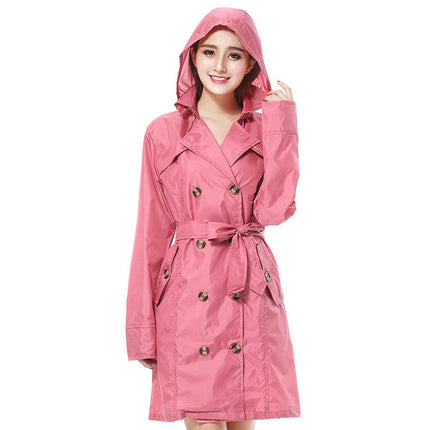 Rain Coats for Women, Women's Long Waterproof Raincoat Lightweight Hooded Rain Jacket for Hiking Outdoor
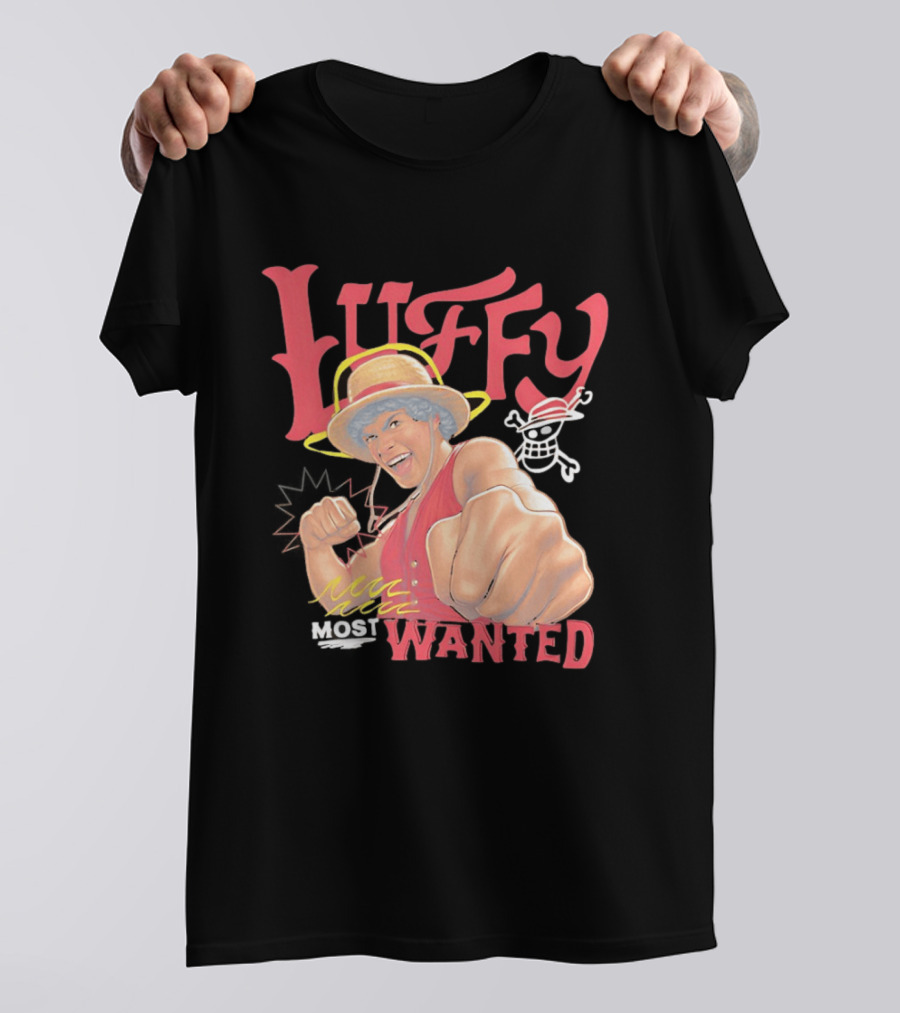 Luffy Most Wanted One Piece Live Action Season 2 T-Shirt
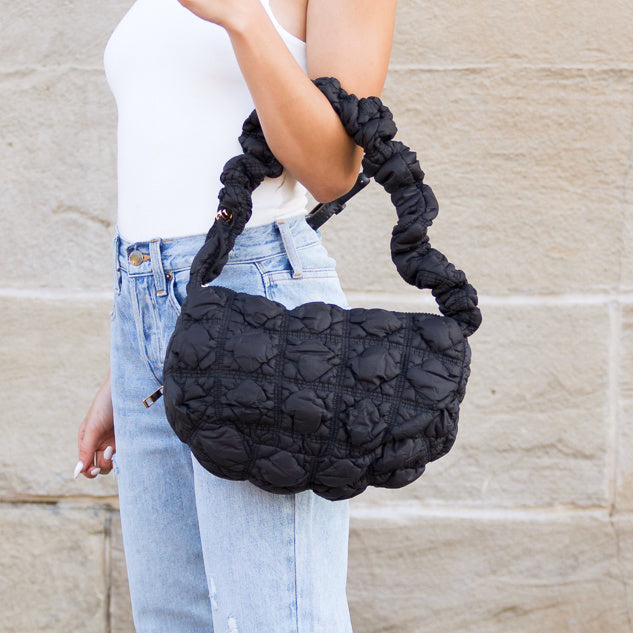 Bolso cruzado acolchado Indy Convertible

**Task objective**: All of the lines above should be copied exactly, apart from the pictures.

**Task result**:
 Rain Coats for Women, Women's Long Waterproof Raincoat Lightweight Hooded Rain Jacket for Hiking Outdoor
 Luffy Most Wanted One Piece Live Action Season 2 T-Shirt
 Bolso cruzado acolchado Indy Convertible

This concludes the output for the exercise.